DATA SUPPLIED: Begin

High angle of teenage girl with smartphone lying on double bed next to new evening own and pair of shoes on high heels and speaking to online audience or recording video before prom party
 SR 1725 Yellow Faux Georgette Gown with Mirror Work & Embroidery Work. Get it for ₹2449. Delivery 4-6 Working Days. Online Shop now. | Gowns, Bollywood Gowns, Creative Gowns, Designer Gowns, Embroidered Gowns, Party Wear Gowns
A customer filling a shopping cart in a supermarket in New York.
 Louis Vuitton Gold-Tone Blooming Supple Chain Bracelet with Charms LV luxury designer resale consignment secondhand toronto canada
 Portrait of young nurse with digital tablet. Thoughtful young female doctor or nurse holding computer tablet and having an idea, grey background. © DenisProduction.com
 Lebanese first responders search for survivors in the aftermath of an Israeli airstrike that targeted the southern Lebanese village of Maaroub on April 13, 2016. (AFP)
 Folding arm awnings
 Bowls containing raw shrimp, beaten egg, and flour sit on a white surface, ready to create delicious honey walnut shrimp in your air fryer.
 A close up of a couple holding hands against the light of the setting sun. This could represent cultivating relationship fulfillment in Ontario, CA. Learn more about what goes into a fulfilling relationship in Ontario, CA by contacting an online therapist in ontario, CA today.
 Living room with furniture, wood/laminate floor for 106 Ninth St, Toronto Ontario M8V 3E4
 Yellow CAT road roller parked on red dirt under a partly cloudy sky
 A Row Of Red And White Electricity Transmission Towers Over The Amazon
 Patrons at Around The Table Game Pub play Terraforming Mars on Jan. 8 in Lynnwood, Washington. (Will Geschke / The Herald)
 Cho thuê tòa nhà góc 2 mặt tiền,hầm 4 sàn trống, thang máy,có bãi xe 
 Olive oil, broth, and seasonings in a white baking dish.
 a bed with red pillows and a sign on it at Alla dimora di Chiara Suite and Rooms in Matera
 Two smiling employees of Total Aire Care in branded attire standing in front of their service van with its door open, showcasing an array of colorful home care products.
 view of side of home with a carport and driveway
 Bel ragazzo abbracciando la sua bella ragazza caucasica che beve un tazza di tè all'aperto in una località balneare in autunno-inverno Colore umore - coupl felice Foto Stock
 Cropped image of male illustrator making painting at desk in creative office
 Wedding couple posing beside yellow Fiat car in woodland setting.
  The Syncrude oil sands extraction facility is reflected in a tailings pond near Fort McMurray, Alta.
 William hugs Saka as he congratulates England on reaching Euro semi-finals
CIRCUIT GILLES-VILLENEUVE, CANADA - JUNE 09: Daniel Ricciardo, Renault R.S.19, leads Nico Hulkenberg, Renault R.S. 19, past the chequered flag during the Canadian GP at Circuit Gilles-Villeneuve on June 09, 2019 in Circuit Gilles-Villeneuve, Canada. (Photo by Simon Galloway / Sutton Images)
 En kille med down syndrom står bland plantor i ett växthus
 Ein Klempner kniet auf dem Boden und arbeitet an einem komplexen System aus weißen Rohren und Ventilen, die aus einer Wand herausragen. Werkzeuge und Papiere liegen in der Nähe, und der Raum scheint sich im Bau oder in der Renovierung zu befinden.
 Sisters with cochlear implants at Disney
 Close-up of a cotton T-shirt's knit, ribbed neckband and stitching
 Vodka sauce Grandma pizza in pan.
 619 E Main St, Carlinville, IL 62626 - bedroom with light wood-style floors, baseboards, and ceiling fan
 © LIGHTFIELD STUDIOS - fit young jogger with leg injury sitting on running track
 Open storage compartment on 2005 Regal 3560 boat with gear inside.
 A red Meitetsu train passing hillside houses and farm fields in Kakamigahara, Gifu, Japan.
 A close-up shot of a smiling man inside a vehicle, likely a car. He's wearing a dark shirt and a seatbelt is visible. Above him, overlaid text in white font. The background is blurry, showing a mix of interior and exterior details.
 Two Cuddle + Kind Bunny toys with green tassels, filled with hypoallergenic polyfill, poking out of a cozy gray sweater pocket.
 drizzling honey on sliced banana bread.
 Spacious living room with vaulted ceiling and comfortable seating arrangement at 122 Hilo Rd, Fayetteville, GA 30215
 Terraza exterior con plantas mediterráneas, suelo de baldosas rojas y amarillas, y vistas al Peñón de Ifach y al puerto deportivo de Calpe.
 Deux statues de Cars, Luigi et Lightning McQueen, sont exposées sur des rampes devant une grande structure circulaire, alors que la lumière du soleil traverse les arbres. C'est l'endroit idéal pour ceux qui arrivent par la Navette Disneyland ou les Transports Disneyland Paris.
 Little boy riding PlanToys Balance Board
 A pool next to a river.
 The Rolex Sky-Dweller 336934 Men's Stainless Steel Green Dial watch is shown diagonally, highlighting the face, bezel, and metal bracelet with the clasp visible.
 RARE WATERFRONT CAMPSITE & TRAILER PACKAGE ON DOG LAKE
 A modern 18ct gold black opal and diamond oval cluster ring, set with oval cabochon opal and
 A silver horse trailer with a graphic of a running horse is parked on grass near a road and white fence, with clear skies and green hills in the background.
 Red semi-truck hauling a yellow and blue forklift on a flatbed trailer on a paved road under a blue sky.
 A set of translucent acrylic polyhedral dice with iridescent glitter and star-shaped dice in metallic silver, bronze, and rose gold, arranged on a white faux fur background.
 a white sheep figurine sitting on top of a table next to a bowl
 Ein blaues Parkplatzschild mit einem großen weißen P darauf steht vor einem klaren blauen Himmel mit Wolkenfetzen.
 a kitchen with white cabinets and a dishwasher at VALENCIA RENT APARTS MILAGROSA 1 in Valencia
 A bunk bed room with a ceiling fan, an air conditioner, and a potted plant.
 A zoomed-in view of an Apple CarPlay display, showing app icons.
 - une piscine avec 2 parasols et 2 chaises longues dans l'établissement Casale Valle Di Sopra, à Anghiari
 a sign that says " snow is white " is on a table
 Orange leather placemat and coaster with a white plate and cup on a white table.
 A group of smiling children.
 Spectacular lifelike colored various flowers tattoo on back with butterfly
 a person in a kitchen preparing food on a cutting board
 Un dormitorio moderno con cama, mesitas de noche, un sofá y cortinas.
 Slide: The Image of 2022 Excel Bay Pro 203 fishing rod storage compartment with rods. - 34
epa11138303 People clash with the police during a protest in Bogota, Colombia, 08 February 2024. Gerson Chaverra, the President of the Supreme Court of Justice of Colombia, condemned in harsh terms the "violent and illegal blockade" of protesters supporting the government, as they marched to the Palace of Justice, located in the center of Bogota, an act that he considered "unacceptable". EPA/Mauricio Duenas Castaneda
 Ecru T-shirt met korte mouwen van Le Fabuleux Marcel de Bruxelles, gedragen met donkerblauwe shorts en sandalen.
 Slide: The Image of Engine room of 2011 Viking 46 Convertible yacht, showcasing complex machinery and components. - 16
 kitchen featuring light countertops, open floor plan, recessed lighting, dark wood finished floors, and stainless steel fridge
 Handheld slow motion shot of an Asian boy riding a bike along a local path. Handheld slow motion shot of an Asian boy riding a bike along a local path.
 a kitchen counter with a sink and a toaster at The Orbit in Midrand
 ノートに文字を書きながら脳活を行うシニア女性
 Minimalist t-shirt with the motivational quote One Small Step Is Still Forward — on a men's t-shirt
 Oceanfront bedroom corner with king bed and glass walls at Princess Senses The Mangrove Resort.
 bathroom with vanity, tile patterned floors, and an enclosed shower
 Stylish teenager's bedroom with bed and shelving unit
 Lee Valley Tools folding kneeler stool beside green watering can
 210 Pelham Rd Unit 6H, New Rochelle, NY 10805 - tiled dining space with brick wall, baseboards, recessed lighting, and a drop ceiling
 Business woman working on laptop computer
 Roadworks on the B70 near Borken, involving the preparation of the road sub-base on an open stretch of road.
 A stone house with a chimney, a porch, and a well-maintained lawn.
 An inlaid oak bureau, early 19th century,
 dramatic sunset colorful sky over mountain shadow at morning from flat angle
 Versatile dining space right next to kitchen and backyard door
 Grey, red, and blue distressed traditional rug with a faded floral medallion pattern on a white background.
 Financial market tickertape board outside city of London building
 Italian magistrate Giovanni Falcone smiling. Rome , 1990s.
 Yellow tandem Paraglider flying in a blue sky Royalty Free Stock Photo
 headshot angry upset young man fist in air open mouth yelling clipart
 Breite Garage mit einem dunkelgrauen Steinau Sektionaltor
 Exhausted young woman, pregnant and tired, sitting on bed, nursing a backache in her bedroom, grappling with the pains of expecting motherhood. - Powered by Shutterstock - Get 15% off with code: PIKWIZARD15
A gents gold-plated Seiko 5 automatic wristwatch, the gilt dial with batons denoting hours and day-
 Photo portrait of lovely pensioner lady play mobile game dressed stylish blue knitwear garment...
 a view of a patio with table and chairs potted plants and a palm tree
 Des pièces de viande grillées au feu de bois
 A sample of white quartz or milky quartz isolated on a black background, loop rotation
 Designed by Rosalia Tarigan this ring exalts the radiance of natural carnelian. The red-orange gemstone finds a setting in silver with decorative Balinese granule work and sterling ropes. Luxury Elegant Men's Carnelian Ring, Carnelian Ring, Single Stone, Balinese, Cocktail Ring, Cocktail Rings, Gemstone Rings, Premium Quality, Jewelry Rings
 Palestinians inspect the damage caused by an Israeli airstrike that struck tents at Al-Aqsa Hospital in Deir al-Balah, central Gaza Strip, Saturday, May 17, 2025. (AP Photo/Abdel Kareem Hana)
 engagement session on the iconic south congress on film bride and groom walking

DATA SUPPLIED: End

- _PROBLEM_
Output each line of the listing above that has "riding".

- _RESULT OF THE EXERCISE_
 Little boy riding PlanToys Balance Board
 Handheld slow motion shot of an Asian boy riding a bike along a local path. Handheld slow motion shot of an Asian boy riding a bike along a local path.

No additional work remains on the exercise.